▶ **ASSIGNMENT**
In the records below, find the line containing "Doosan DX 60 Гусеничные экскаваторы" and the line containing "For Sale: $699,000". Give again exactly those lines and every line between them, omitting the pictures.

▶ **EXERCISE DATA**
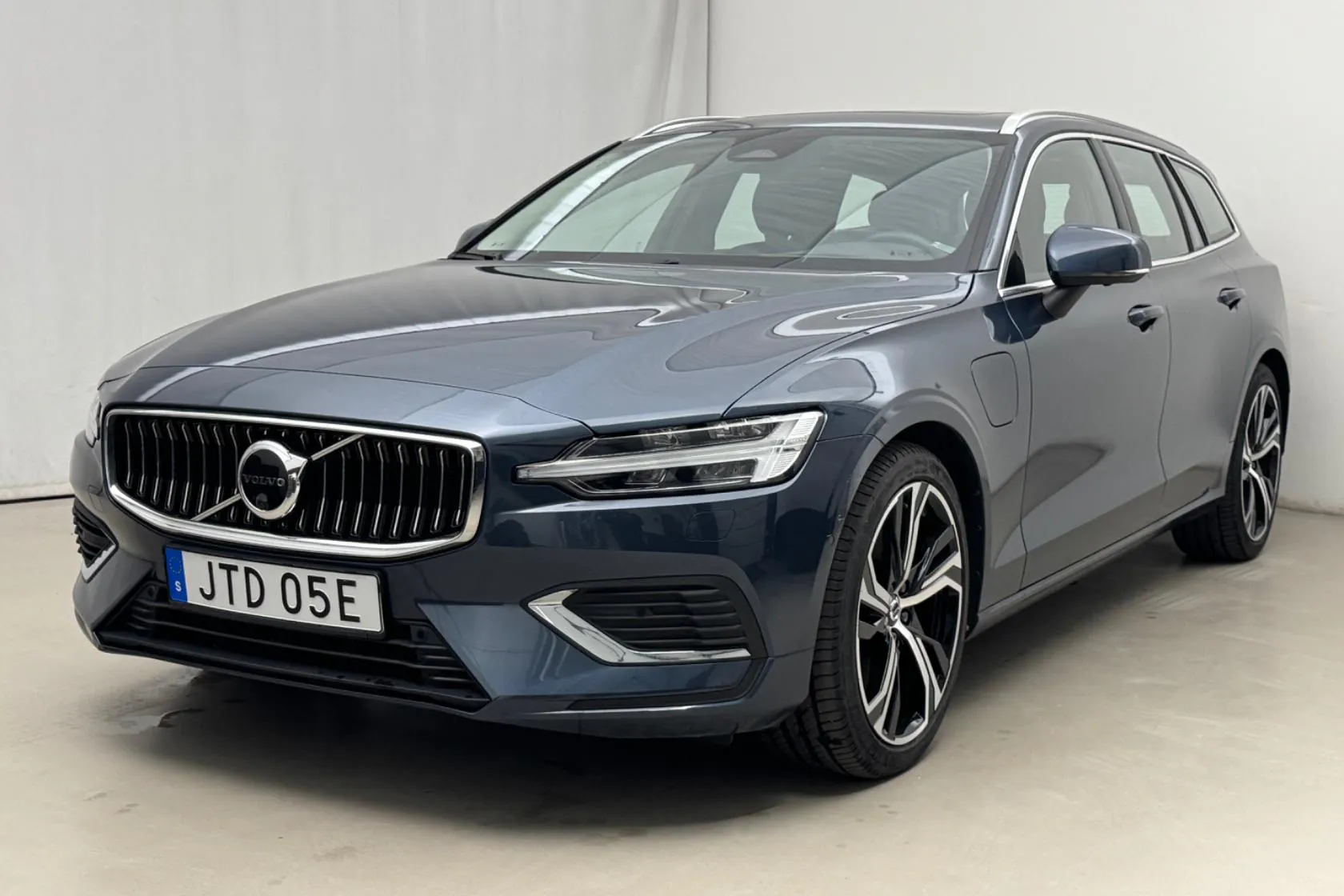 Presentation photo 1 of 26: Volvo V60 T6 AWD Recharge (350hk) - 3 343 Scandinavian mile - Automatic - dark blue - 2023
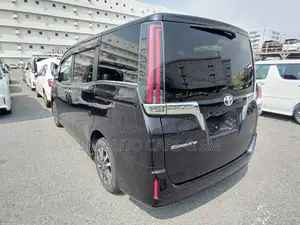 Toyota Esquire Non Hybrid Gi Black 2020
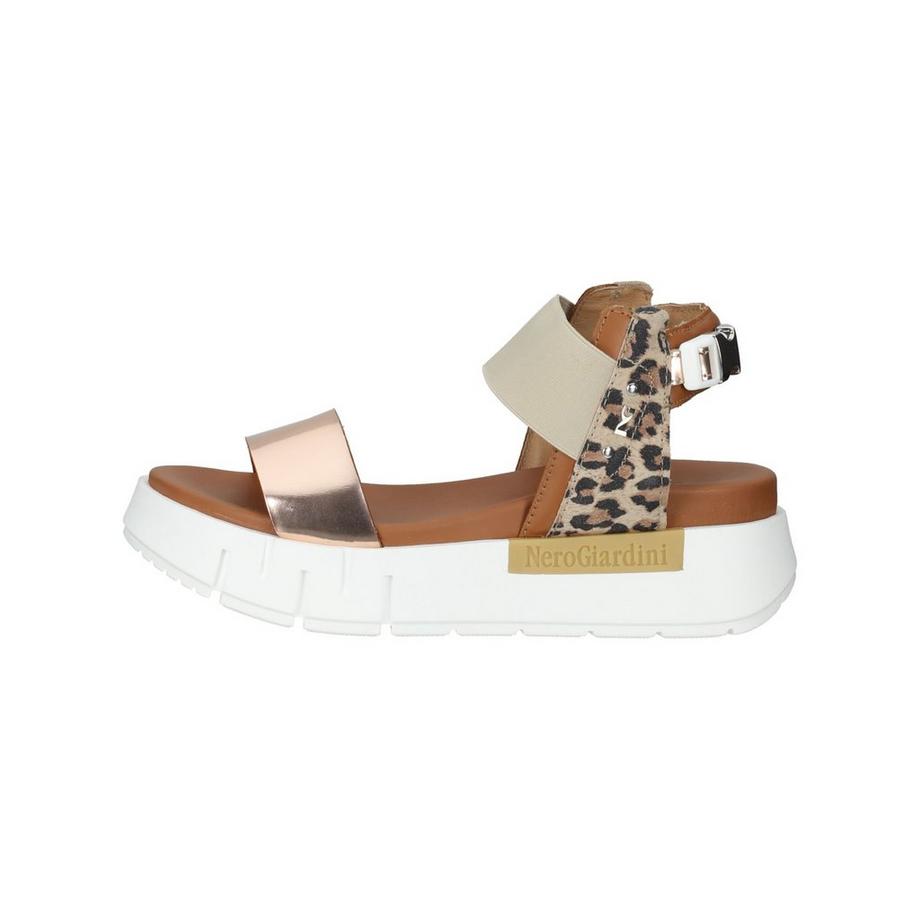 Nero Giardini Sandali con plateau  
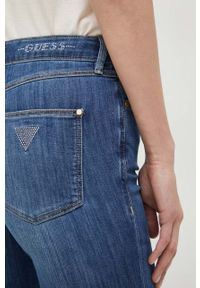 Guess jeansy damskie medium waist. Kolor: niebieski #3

==

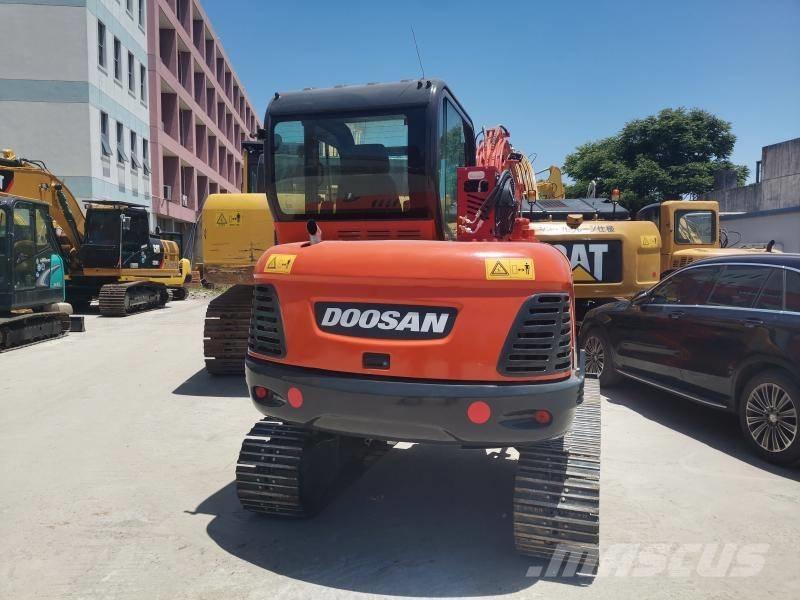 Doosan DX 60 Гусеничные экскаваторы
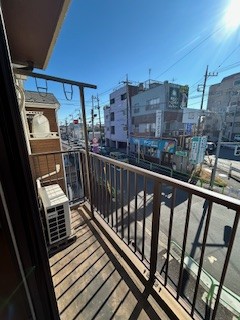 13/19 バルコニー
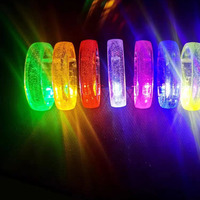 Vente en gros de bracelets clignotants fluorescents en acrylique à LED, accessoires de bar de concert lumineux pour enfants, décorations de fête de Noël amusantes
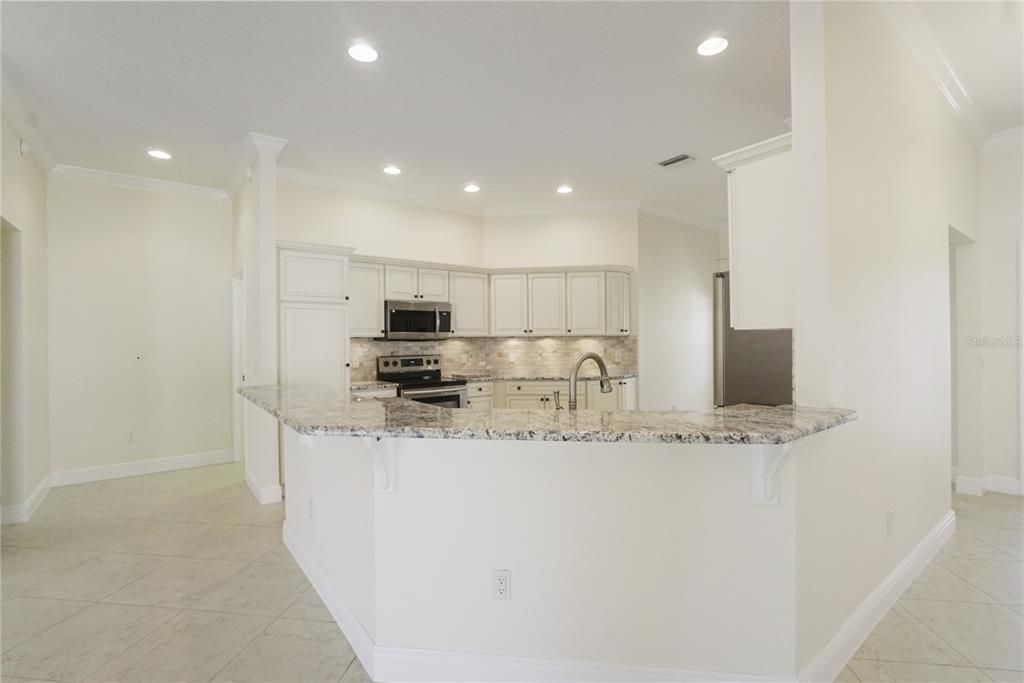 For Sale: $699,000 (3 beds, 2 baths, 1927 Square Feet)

▶ **RESULT**
 Doosan DX 60 Гусеничные экскаваторы
 13/19 バルコニー
 Vente en gros de bracelets clignotants fluorescents en acrylique à LED, accessoires de bar de concert lumineux pour enfants, décorations de fête de Noël amusantes
 For Sale: $699,000 (3 beds, 2 baths, 1927 Square Feet)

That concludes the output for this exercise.